The stock market is having a difficult year. Rising interest rates and heightened geopolitical tensions have triggered the steepest losses since the COVID-19 sell-off in 2020. The broadly followed S&P 500 index has lost 16.8% year to date, but the tech-centric Nasdaq-100 is faring much worse, down nearly 26%.

That places the technology sector in a full-blown bear market

Long-term investors can't control when the stock market will recover, but they can control what companies they buy in preparation for improved conditions. The key question is this: When things do get better (and they eventually will), where might investors look first?

A black Tesla car driving on an open road in the snow.

Image source: Tesla.

They might turn to the future

Down markets are a great opportunity to buy the dip in companies that are working on building technologies for the future. The car industry, for example, is in the midst of the greatest transition in decades, which could see electric vehicles (EVs) become the majority of sales by 2050, according to some estimates. 

That makes EV sector leader Tesla (TSLA -2.78%) an enticing buy right now. Its stock has fallen 42.5% from its all-time high, despite heightened investor enthusiasm related to its recently announced stock split.
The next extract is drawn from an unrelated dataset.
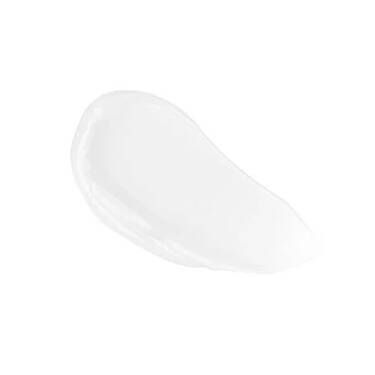 HYDRA ZEN ANTI-STRESS RICHE DAGCREME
Tesla leads the pack in electric vehicle sales, accounting for a whopping 70% of all EVs sold in the U.S. during 2021. Demand for EVs could top $1 trillion annually by 2030, which gives Tesla an enormous runway for growth. But interestingly, the value of the autonomous vehicle market could exceed $2.1 trillion by 2030 (across all car models, not just EVs), which might accelerate demand for Tesla's cars since the company is also a leader in this technology.
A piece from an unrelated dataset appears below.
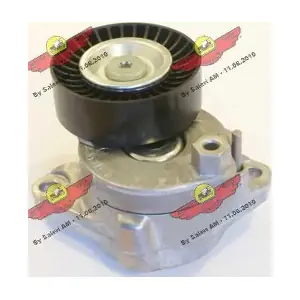 03.81505 AUTOKIT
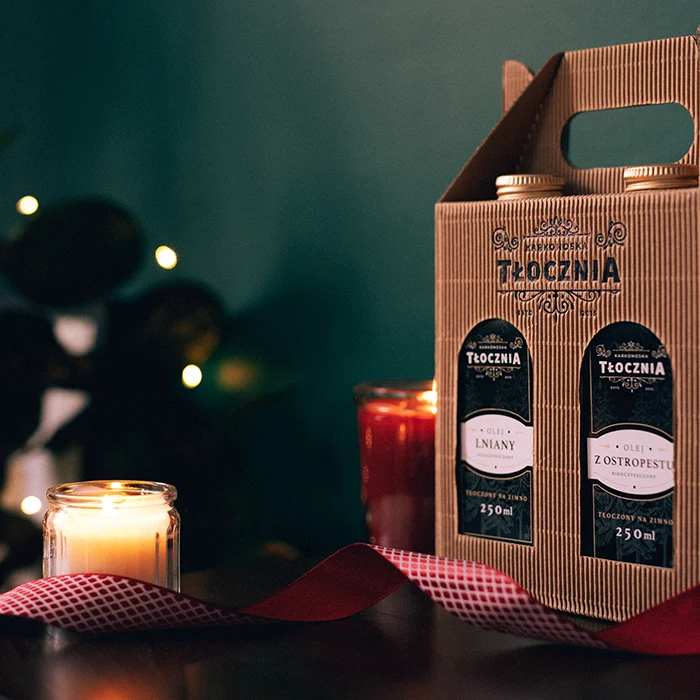 jaki olej dla kobiet w menopauzie jaki olej dla kobiety w menopauzie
Put simply, the demand for self-driving cars could feed demand for electric cars in a big way.

Tesla is a financial powerhouse

Profitability is one of the key things investors look for in companies during tough times. Profitable organizations can typically survive without the need to raise capital, which can be hard to come by when markets stumble. 

Tesla has delivered over 1.06 million cars to its customers in the last 12 months, generating $62.1 billion of revenue in the process. The ramp-up in both these figures in recent years has allowed the company to achieve an increasing level of scale, where fixed costs become a smaller percentage of the company's revenue overall, paving the way for soaring profits. 

This phenomenon is most evident in Tesla's automotive gross profit margin, which climbed to 32.9% in first-quarter 2022, from 26.5% in the year-ago quarter. These results have flowed to the bottom line (earnings) in a very big way. 

Chart showing Tesla's earnings per share growth since Q1 2021.

Shrinking the stock, expanding the business

In March, Tesla announced its intention to split its stock. It hasn't confirmed the ratio of the split or the effective date, but the move is partly designed to make Tesla shares more attractive to smaller investors. 

The stock currently trades at around $715 a share, which might be off-putting to retail investors who are deploying a small amount of capital. By completing a 5-for-1 stock split (as an example), it would increase the number of shares on issue fivefold, while reducing Tesla to $143 per share -- which theoretically makes it more accessible.

Even though stock splits typically receive a positive response from investors, they're purely cosmetic and add no intrinsic value to the underlying company. 

For real long-term growth, it's important to focus on Tesla's business, which continues to expand. The company just added two new gigafactories in Berlin, Germany, and Austin, Texas, which could bring total annual production capacity to over 2 million cars each year.

While cars are the main driver of Tesla's business, it's also adding value through verticals like insurance, collision centers, and merchandise.

But residential solar power generation and battery storage could play a key role in the company's future growth. In Q1 2022, storage deployments grew a rapid 90%, and Tesla is ramping production at a dedicated facility just to keep up with demand. Solar deployments fell during the quarter due to supply constraints, but are still up for the year.

The best rewards will likely come over the long term, but given Tesla's explosive growth and popularity among consumers and investors alike, it's reasonable to think Tesla stock could lead the charge when the broader market eventually pulls itself out of the current slump.